ASSIGNMENT => Could you set down exactly the lines of the data below, starting at the one that holds "A close-up of" and ending at the one that holds "Businessman climbing stairs on yearly basis", both included, and only those?

SUPPLIED RECORDS =>
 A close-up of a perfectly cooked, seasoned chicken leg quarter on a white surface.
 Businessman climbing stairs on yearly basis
--
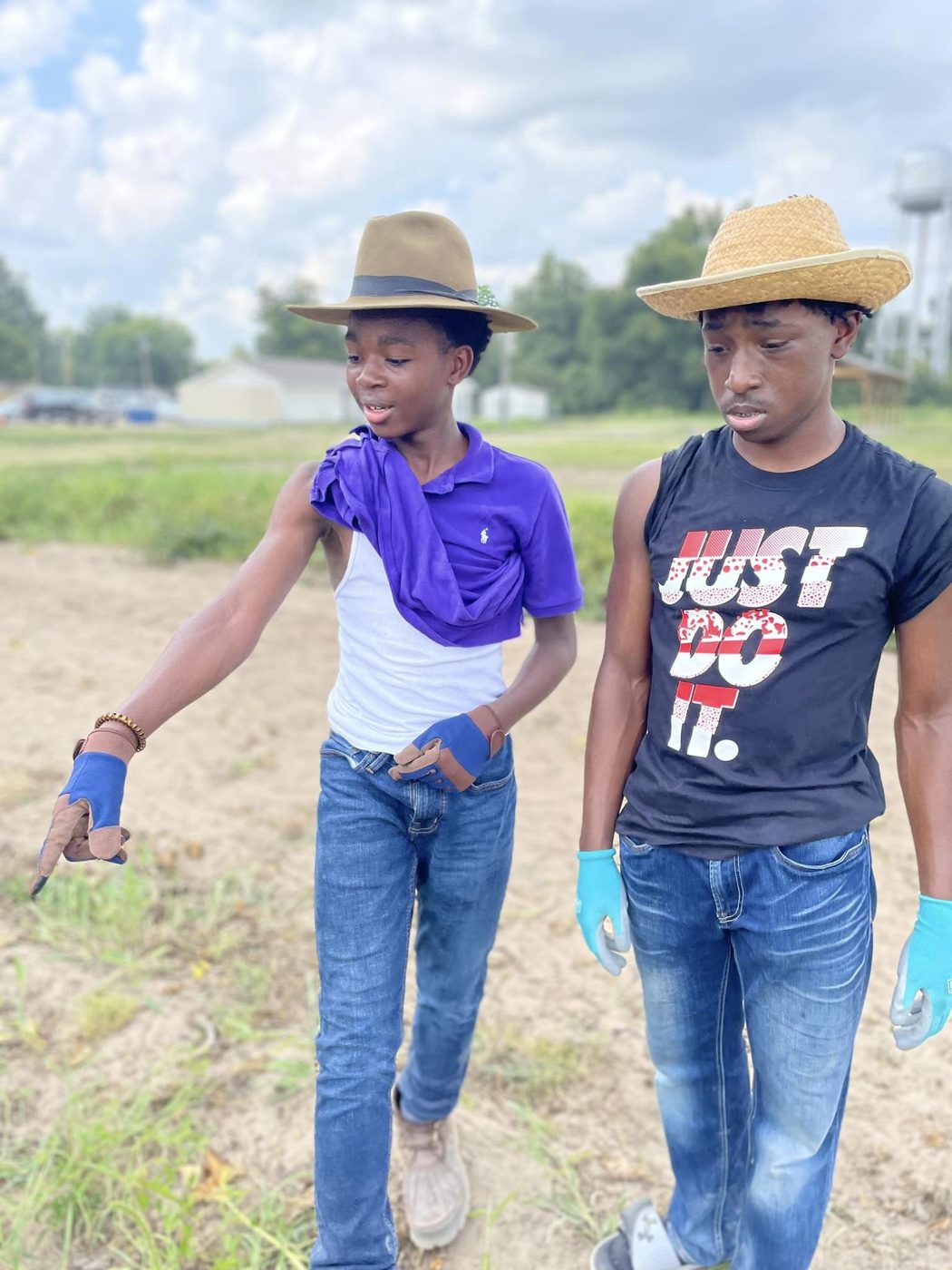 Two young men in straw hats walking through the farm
==
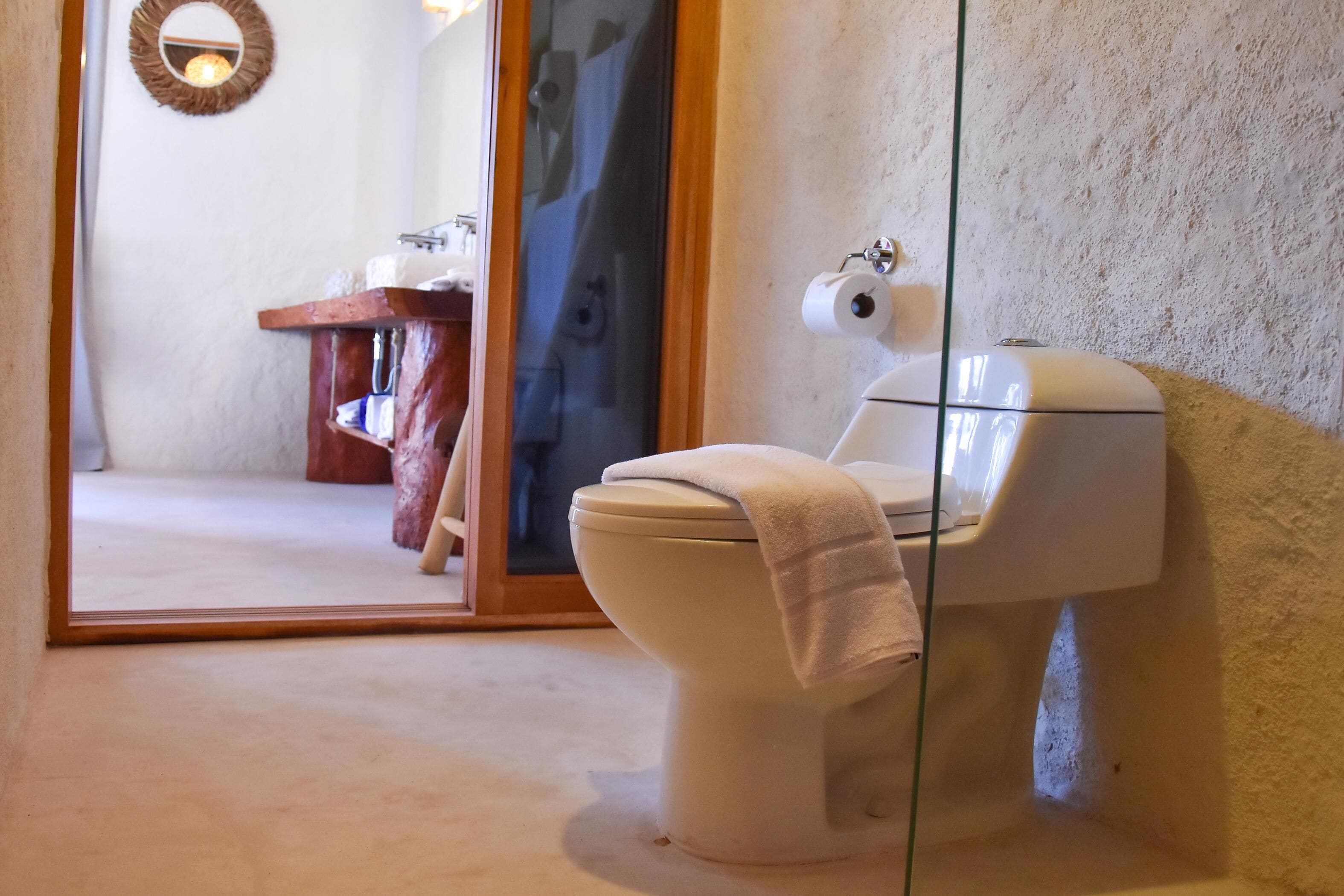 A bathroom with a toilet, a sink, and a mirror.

SOLVED PROBLEM =>
 A close-up of a perfectly cooked, seasoned chicken leg quarter on a white surface.
 Businessman climbing stairs on yearly basis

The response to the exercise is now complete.